そして、青洲45歳の時に、藍屋勘という60歳の乳がん患者に対して、全身麻酔下にて乳房摘出術を行うことになりました。左の乳房に1年前からしこりがあり、青洲の診察を受けた時には、赤く腫れていました。勘の姉も乳癌で亡くなっており、このまま放っておくと命のないことを知っており、勇気を持って手術に同意しました。そして、文化元年10月13日、通仙散による全身麻酔下で、世界初、乳がんの摘出術に見事成功しました。手術の方法は、青洲が考案したもので、現在の乳房部分切除術と呼ばれる術式に相当するといいます。勘は手術から20日ほどで、故郷へ帰ることができました。この手術により、青洲の名は、日本中に広まり、日本中から患者さんが集まってくるようになりました。

しかし、手術を受けた勘は、術後4ヶ月で亡くなってしまいました。記録によると、癌は乳房全体に広がっており、手術では切除し切れないほど進行していたのではないかと推察されています。

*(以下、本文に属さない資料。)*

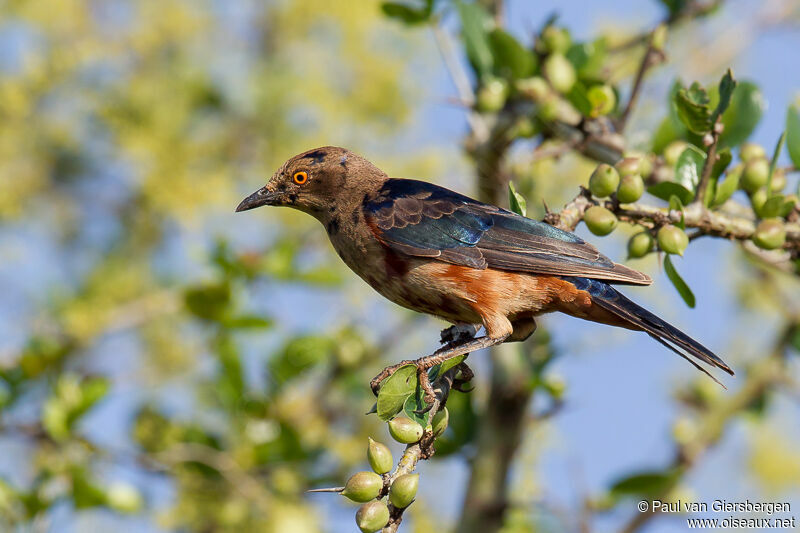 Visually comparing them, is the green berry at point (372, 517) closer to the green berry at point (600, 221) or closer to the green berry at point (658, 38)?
the green berry at point (600, 221)

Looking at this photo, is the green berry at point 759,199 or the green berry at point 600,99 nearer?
the green berry at point 759,199

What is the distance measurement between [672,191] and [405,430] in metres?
1.29

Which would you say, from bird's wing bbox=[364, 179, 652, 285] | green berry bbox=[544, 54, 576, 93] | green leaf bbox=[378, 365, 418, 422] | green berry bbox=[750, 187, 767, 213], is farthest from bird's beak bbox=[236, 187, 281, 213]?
green berry bbox=[750, 187, 767, 213]

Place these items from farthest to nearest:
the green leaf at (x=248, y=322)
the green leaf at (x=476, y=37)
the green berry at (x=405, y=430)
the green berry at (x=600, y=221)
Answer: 1. the green leaf at (x=248, y=322)
2. the green leaf at (x=476, y=37)
3. the green berry at (x=600, y=221)
4. the green berry at (x=405, y=430)

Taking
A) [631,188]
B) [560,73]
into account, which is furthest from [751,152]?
[560,73]

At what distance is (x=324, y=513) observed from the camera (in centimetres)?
513

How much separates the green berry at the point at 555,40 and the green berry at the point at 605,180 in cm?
115

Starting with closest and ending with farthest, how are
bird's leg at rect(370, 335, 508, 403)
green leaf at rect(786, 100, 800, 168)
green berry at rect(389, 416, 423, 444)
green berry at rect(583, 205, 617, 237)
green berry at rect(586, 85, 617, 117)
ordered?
green berry at rect(389, 416, 423, 444) → bird's leg at rect(370, 335, 508, 403) → green berry at rect(583, 205, 617, 237) → green leaf at rect(786, 100, 800, 168) → green berry at rect(586, 85, 617, 117)

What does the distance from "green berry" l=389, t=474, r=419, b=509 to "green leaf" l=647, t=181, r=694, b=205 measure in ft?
4.48

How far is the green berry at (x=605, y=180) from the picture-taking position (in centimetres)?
295

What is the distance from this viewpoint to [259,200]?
411cm

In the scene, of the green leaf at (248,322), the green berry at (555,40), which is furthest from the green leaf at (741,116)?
the green leaf at (248,322)

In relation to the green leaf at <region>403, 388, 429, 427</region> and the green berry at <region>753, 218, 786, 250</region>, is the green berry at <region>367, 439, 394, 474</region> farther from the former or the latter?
the green berry at <region>753, 218, 786, 250</region>

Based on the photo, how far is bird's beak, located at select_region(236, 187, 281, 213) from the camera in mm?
4055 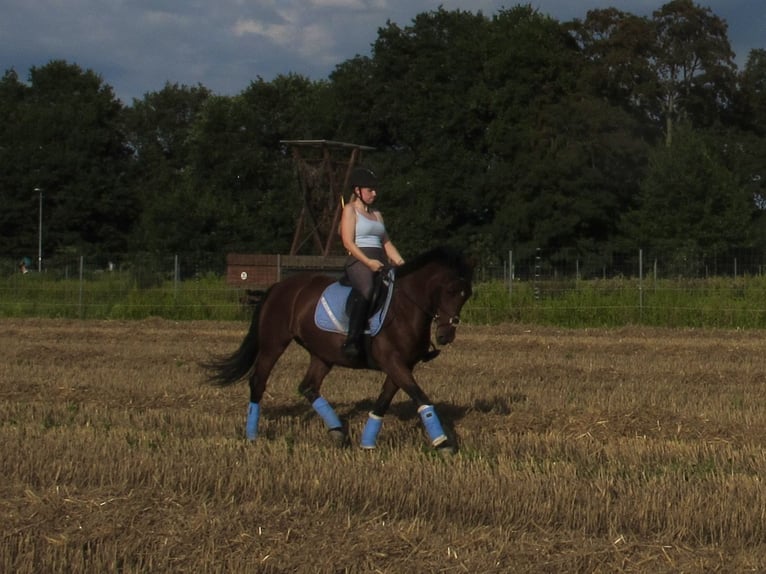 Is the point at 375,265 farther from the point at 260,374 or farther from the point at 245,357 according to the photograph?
the point at 245,357

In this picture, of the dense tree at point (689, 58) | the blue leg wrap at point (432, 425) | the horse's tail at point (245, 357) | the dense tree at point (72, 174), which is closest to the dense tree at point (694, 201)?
the dense tree at point (689, 58)

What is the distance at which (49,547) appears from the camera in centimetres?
544

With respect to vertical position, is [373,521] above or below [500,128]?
below

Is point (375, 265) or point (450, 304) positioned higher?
point (375, 265)

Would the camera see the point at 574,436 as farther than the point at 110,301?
No

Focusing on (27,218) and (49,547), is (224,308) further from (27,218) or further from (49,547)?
(27,218)

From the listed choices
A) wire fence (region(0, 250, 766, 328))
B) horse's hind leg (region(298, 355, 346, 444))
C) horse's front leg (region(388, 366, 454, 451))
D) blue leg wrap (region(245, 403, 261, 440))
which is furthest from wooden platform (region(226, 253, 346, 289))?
horse's front leg (region(388, 366, 454, 451))

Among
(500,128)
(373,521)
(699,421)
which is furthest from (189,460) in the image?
(500,128)

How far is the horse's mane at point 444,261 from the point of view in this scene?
841 centimetres

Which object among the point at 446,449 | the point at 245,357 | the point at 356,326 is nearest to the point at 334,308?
the point at 356,326

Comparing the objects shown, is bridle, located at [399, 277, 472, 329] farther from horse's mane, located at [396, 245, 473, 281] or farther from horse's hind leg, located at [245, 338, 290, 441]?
horse's hind leg, located at [245, 338, 290, 441]

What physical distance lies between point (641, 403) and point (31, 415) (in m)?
6.59

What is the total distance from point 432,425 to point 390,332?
897 mm

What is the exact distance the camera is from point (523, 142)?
1925 inches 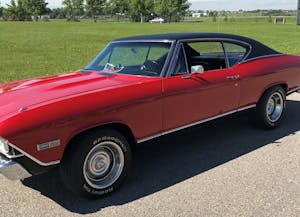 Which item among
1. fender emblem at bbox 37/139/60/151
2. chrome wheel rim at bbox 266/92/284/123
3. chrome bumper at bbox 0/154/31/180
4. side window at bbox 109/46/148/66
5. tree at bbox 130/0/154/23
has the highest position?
side window at bbox 109/46/148/66

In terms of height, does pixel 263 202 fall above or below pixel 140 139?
below

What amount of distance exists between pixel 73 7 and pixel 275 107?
117 meters

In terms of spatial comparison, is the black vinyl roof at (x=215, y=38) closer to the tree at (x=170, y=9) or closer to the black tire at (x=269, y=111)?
the black tire at (x=269, y=111)

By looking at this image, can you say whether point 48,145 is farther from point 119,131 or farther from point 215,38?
point 215,38

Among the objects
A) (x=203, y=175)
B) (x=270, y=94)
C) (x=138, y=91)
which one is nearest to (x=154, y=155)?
(x=203, y=175)

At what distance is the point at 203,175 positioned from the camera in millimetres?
4195

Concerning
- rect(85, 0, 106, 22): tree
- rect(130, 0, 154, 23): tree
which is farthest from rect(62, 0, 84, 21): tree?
rect(130, 0, 154, 23): tree

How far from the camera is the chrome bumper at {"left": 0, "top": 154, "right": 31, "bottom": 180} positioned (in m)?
3.19

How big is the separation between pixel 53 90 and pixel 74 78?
0.63 meters

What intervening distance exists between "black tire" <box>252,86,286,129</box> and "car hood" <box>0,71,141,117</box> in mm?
2147

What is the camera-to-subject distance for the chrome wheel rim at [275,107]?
5.79 metres

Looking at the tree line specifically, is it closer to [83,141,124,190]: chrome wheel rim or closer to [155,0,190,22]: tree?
[155,0,190,22]: tree

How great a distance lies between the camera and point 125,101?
3.77 meters

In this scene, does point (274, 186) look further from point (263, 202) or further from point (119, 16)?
point (119, 16) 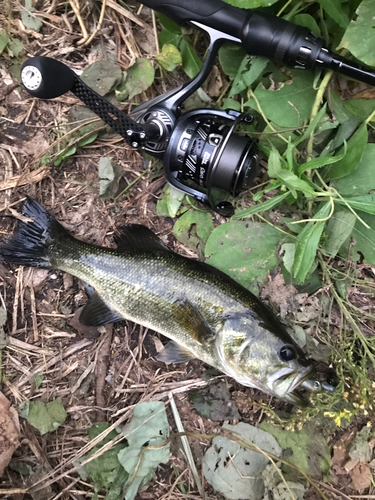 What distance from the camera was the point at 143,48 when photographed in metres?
2.74

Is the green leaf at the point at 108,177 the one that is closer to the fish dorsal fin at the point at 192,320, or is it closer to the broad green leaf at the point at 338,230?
the fish dorsal fin at the point at 192,320

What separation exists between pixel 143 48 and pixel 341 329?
7.93 ft

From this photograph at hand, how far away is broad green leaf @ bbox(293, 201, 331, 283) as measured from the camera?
223 cm

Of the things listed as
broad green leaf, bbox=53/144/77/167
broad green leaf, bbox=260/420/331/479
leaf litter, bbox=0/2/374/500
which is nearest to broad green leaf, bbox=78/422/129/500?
leaf litter, bbox=0/2/374/500

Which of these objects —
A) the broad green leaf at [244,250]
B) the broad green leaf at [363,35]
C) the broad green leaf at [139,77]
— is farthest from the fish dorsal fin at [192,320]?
the broad green leaf at [363,35]

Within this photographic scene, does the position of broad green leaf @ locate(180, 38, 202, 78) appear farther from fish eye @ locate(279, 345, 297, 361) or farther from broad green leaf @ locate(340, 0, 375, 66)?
fish eye @ locate(279, 345, 297, 361)

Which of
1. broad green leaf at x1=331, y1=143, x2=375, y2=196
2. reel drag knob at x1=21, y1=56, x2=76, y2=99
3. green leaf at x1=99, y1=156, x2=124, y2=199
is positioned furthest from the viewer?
green leaf at x1=99, y1=156, x2=124, y2=199

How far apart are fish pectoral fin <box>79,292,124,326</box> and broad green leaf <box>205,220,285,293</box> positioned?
2.49 ft

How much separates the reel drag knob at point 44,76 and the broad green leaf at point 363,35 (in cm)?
153

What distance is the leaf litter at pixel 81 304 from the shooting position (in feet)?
8.54

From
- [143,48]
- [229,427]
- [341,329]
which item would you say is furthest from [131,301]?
[143,48]

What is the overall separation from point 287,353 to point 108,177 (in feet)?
5.53

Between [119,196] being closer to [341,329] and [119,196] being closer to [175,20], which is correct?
[175,20]

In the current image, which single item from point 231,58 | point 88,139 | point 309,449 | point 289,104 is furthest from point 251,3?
point 309,449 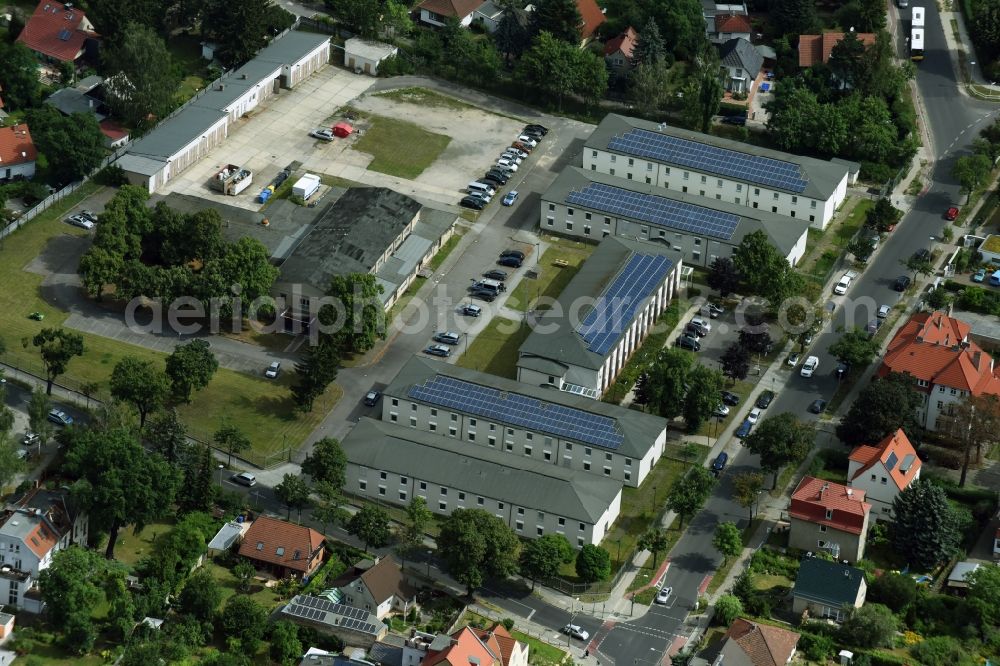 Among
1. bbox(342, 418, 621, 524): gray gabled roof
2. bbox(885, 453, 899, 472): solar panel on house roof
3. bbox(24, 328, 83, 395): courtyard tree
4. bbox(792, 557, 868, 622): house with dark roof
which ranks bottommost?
bbox(792, 557, 868, 622): house with dark roof

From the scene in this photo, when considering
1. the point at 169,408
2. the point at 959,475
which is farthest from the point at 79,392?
the point at 959,475

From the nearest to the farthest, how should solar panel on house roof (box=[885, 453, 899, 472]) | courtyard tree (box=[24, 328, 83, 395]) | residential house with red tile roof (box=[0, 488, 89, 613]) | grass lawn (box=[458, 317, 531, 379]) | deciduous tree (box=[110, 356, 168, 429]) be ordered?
residential house with red tile roof (box=[0, 488, 89, 613]) < solar panel on house roof (box=[885, 453, 899, 472]) < deciduous tree (box=[110, 356, 168, 429]) < courtyard tree (box=[24, 328, 83, 395]) < grass lawn (box=[458, 317, 531, 379])

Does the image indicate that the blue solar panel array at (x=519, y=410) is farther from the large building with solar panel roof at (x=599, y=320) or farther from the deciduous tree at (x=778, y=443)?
the deciduous tree at (x=778, y=443)

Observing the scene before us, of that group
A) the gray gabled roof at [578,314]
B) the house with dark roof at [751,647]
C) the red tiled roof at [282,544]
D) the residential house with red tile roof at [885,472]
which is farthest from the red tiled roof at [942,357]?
the red tiled roof at [282,544]

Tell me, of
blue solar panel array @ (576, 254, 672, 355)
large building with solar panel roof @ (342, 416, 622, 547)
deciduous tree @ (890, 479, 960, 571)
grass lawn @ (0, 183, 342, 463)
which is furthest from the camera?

青洲が手術した乳がん患者143名のうち、生存期間が判明するものだけを集計すると、最短で8日、最長は41年で、平均すれば約3年7ヶ月となる。これは、200年以上も前であること、外見から明らかにわかるほど進行した乳がんが主体だと推定されることを考えれば、立派な治療成績と言える。テルモ株式会社ウェブサイトより


青洲が全身麻酔下手術を成功させたのは、1846年にアメリカのウイリアム・モートンによるエーテルを用いた麻酔手術より、40年以上も前のことでありました。
青洲は、乳がんだけでなく、膀胱結石、痔、脱疽、腫瘍摘出術など、様々な手術も行なっていたようです。
全身麻酔手術の成功により、患者だけでなく、入門を希望する者も殺到しました。青洲は、門下生たちの育成にも力を注ぎ、医塾「春林軒」を設け、生涯に1000人を超える門下生を育て、全国に青洲の術が広がり、多くの患者の命が救われました。

最後に

実の母の命、妻の眼が犠牲になって。というのは驚きの事実ですが!!この時代には悲願の薬だったことでしょう。現在は、青洲の麻酔法は使用されていませんが、開発した麻酔薬によって救われた命が、多くあることに違いありません。現在では当たり前のように使われている麻酔薬も、よく考えてみれば、つい200年前には無く、治療しなければならない時には、麻酔無しで治療していたんですよね∑(゚Д゚)
冒頭の「内外合一 、活物窮理」という言葉は、一人一人の患者様と向きあう医療をという言葉を、現代の私たちに教えてくれているような気がします。